[ 3 / biz / cgl / ck / diy / fa / ic / jp / lit / sci / vr / vt ] [ index / top / reports ] [ become a patron ] [ status ]
2023-11: Warosu is now out of extended maintenance.

/lit/ - Literature


View post   

File: 1.04 MB, 1509x2010, wikimediawhitman.jpg [View same] [iqdb] [saucenao] [google]
12675190 No.12675190 [Reply] [Original]

I think Walt Whitman is a great poet. I know he doesn't write in meter or rhyme and shit and he was bisexual or whatever but I still think he's great. Here are some of my favorite from Leaves of Grass. I wish you anons well.

"Henceforth I ask not good-fortune, I myself am good-fortune,
Henceforth I whimper no more, postpone no more, need nothing,
Done with indoor complaints, libraries, querulous criticisms,
Strong and content I travel the open road.

The earth, that is sufficient,
I do not want the constellations any nearer,
I know they are very well where they are,
I know they suffice for those who belong to them.

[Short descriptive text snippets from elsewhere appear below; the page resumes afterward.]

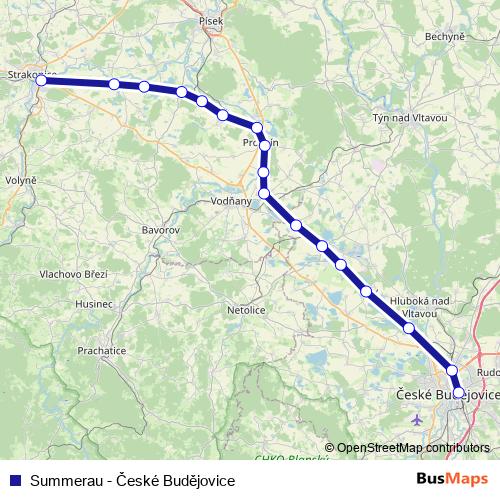 Summerau - České Budějovice rail Line Map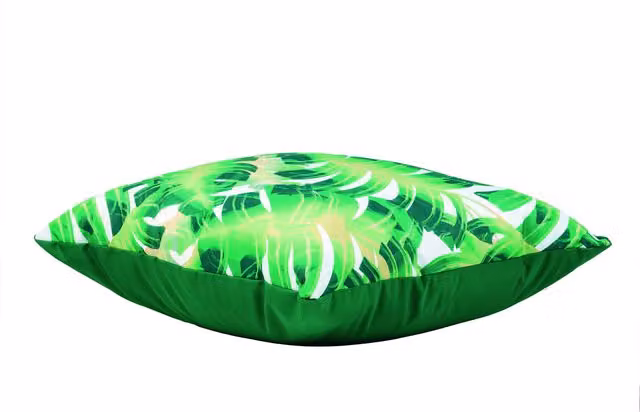 Gardenista Palm Printed Outdoor Scatter Cushion, Floral Design in Beige and Green, W/D/H: 60 x 60 x 60 cm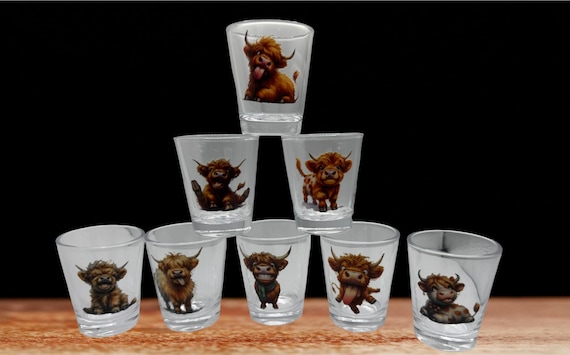 Set of 8 Highland Cow Shot Glasses | Unique Cow Lover Gifts | Cute Farmhouse Barware | Perfect for Whiskey, Tequila, or Shots!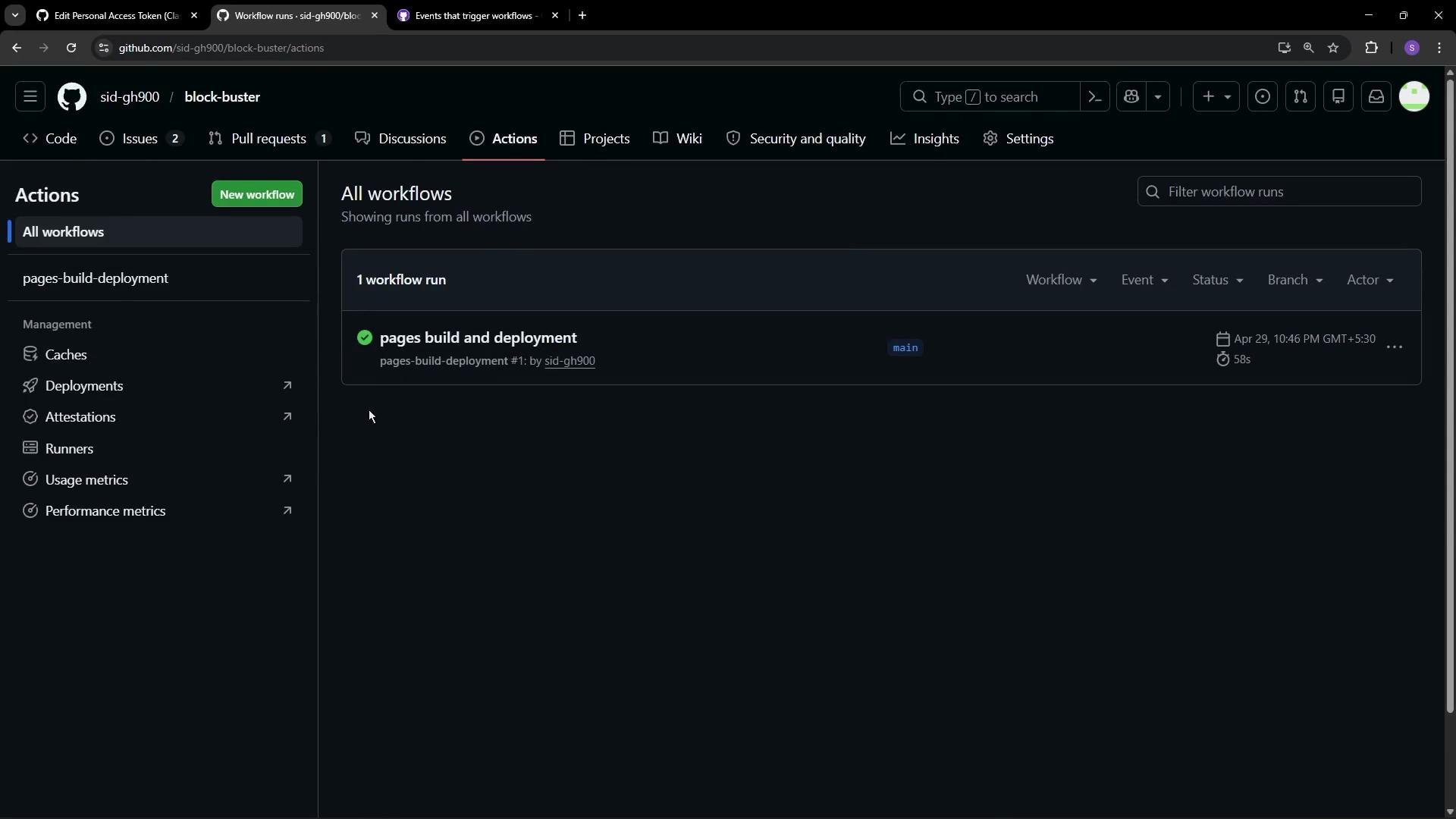 The image shows a GitHub Actions page displaying the status of a workflow run called "pages build and deployment," which is successful.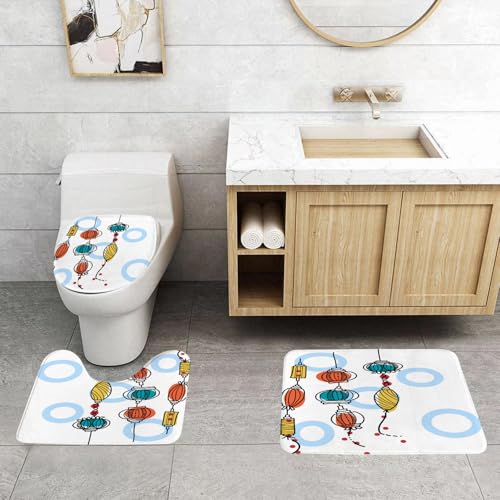 QRFASFZO 3 Stück Badematten und WC Vorleger Microfaser Weiches Badteppich badvorleger rutschfest Waschbar Badezimmerteppich Set,Laterne, Bunte orientalische Laternen Moderne Kunst im asiatischen Sti QRFASFZO 3 Stück Badematten und WC Vorleger Microfaser Weiches Badteppich badvorleger rutschfest Waschbar Badezimmerteppich Set,Laterne, Bunte orientalische Laternen Moderne Kunst im asiatischen Sti von QRFASFZO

(Still here I carry my old delicious burdens,
I carry them, men and women, I carry them with me wherever I go,
I swear it is impossible for me to get rid of them,
I am fill’d with them; and I will fill them in return.)"

“I think heroic deeds were all conceiv’d in the open air, and all free poems also,
I think I could stop here myself and do miracles,
I think whatever I shall meet on the road I shall like, and whoever beholds
me shall like me,
I think whoever I see must be happy.”

“I am larger, better than I thought,
I did not know I held so much goodness.”

“I swear to you there are divine things more beautiful than words can tell.”

“What do you think has become of the young and old men?
And what do you think has become of the women and children?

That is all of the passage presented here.